June 2013
Craig Mongeau - June 2013
The recent catastrophic F5 tornado that devastated Moore, Okla., is yet another tragedy that should inspire us to ask the question, “What can we do to prevent something like this from ever happening again?”
We ask ourselves this question all the time when human lives are lost. Most often, we search for answers and preventive measures to man-made tragedies, such as mass murders like what happened in Newtown, Conn., last year, or for financial disasters like the housing crisis in the late 2000s. The list can go on and on for these. But what about when nature is the one causing the mass harm? Is there anything we can do to stop it from causing death and widespread destruction costing billions of dollars? Seems there could be an answer and a way to prevent tornados but only if we get serious and find the resources to do it.
According to “Popular Science,” recent research reveals that for a tornado to form it needs both a cold, rainy downdraft and a warm updraft, which suggests that if you just could heat the downdraft, there’d be no tornado. Popular Science goes on to say that blasting the downdraft with microwaves from a fleet of satellites would starve the fledgling tornado and destroy before it ever got started. The European Space Agency has funded initial studies on building this type of satellite, though it hopes to use the satellites as high-altitude solar-power stations, not as weather modifiers.

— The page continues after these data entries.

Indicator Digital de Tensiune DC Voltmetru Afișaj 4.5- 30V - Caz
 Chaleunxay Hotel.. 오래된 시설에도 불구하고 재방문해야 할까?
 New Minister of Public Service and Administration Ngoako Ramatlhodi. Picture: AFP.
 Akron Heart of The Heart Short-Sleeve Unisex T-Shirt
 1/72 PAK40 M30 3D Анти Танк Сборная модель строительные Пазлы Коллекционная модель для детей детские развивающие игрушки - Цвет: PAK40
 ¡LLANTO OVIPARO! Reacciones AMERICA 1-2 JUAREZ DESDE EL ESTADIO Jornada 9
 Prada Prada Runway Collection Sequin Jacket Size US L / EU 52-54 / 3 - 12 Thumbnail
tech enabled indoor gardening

The United States should get involved with this. Yes, that’s more money, but we spend an enormous amount of money each year on natural disaster rescue, recovery and cleanup. We already have fleets of satellites used for cell phones, GPS, mapping, solar system exploration and spying. Investing in technology to control the weather not only makes sense from the human standpoint, but it also makes sense from an economic standpoint. This does not have to be science fiction; the technology and the know-how are there. We just need to get serious about it and stop asking the same questions every time this happens.